WikEM
- Website type: wiki
- Available in: English
- Owner: OpenEM Foundation
- Website: www.WikEM.org
- Registration: required (to edit)

= WikEM =

Medical website and point-of-care phone application

WikEM is wiki-based medical website and point-of-care phone application for emergency medicine clinicians. WikEM is owned by OpenEM Foundation, a 501(c)(3) nonprofit organization. WikEM initially started as a database created from notes and checklists passed from resident class to subsequent resident class at the Harbor-UCLA emergency medicine residency program. In 2009, WikEM was launched as a free wiki-based website and phone application that was universally available to all residency programs and global practitioners.
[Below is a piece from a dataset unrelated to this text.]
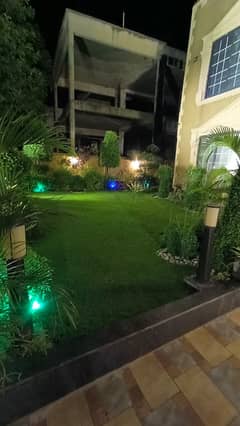 2 kanal house available for rent 9 bedroom phase 3 bahria town Rawalpindi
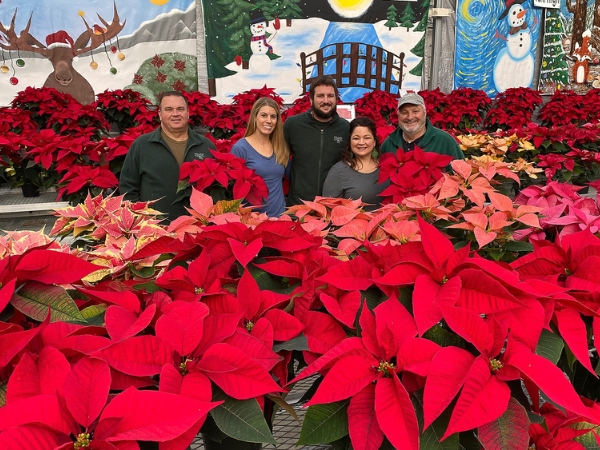 Poinsettia Open House 2025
As of October 2019, WikiEM has about 4,050 content pages.

Emergency medicine practitioners have been quick to adopt smart phone applications, including WikEM, for use as point-of-care medical references. WikEM has been listed as a key reference for emergency medicine physicians, residents, medical students, nurses, and paramedics.

==Reliability==
Although the use of wiki-type software has become common for a variety of purposes, several sources have questioned whether the wiki-based format of WikEM is reliable enough to use as a source for medical information, with arguments similar to questions about the reliability of Wikipedia plus the additional concerns of patient safety.

==Free open access meducation==
Free open access meducation (FOAM) has been described as “medical education for anyone, anywhere, anytime” and WikEM has been described as a key resource in the FOAM movement. WikEM's free, openly accessible content has been specifically noted as an important growing resource for clinicians in the developing world, where access to up to date medical references is more difficult. However, to date, WikEM is limited in this regard in that its content is only available in the English language.

==Mobile apps==
Although WikEM auto-formats for mobile devices, there are offline applications for Android and IPhone specifically designed for rural and international medicine in austere and Internet-poor environments.